Social proof is a big motivator for a lot of people - they want to do what others like them are doing. It follows, then, that CTAs like "Join 123,456 brilliant marketers" can be very appealing to visitors.

They feel like they're becoming part of something exclusive, and feel like they're missing out on something if they don't covert.

CTA "Add-Ons"

Let's end up this article with a few words you can use to spice up your CTAs. These are words you can combine with the 18 CTA words above to maximize your conversion rates.

19. % or $

When you're promoting a discount, adding the offer itself into your CTA button is an awesome way to draw people in. "Save Now" isn't nearly as compelling as "Save 20% Now!". Adding numbers to your CTA makes your discount feel a little more tangible to your visitors.

20. Try

Like I mentioned in tip #17, the word "Try" is inviting because it feels low-commitment. Adding this to your free trial or free class offer CTA buttons is a good way to get people in the door.

21. Now

Calls-to-action are aptly named - they signify action, and adding "now" to your CTA buttons is an awesome way to reiterate that. Psychologically, they push visitors out of indifference (it's easy to ignore a CTA) and into a state of mind that they need to convert on your page - now.

22. Free

In today's world of ecommerce, every CTA button can feel like a purchase commitment. If your offer is at all free - think free trial, assessment, consultation, or what have you - this is a word you need to have in your CTA buttons, as it assures visitors there's no downside to clicking.

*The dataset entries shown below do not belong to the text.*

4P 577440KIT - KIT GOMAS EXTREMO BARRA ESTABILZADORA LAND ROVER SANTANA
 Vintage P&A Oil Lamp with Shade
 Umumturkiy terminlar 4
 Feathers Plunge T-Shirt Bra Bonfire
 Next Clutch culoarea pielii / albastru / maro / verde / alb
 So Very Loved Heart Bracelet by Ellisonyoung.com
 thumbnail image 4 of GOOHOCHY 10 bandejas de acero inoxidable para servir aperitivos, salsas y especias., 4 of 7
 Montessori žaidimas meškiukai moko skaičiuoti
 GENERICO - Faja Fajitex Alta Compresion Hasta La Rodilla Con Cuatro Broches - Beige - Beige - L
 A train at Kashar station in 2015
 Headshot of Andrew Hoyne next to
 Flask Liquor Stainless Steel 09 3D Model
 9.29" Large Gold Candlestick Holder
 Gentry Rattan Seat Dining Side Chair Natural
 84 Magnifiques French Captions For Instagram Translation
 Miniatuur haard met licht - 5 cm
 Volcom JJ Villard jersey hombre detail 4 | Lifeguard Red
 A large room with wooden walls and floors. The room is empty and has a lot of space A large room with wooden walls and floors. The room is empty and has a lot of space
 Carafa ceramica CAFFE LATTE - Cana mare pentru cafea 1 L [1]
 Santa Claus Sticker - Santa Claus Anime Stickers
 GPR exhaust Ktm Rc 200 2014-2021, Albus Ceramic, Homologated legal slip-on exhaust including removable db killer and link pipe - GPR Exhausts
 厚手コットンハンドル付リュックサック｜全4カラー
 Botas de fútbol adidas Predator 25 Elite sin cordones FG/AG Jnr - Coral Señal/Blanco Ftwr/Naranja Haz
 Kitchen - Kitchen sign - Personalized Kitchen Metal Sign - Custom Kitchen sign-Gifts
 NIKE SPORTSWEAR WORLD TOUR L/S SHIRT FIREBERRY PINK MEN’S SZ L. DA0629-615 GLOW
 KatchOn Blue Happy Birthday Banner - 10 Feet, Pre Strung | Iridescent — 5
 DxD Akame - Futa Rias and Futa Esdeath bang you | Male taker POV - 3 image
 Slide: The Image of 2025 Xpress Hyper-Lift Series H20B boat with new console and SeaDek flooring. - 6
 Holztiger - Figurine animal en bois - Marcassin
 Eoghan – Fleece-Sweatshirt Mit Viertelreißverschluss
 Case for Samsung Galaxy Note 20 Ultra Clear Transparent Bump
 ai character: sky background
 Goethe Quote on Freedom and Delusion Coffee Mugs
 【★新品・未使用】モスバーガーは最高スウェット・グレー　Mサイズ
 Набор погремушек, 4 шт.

On top of that, people love free stuff - they have nothing to lose by clicking, so why not convert?

23. Save

This word should be a staple in your discount or offer CTAs. Whether it's a sale or a % off coupon, you can use the word "save" to signal to visitors that they'll be saving money if they click, and missing out on potential savings if they don't. I prefer a CTA like "Save 10% Now" compared to something like "Get Coupon".

24. Me/My/You/Your

One thing that's common between most CTAs is that they can feel impersonal. Using pronouns or determiners like "me" or "my" can turn a CTA into a personal call-to-action, increasing a visitor's emotional or cognitive connection with your button. For example, "Download Ebook" pales in comparison to "Download My Free Ebook!".

25. Start/Stop

Words like "start" and "stop" are also great for CTAs. They work in a ton of contexts - for example, a gym might use "Start Changing Your Life" as an emotionally-driven CTA. The word "stop" can also be very powerful in the right contexts - for example, Wishpond might have a CTA for its popup tools that says "Stop Wasting My Website Traffic!".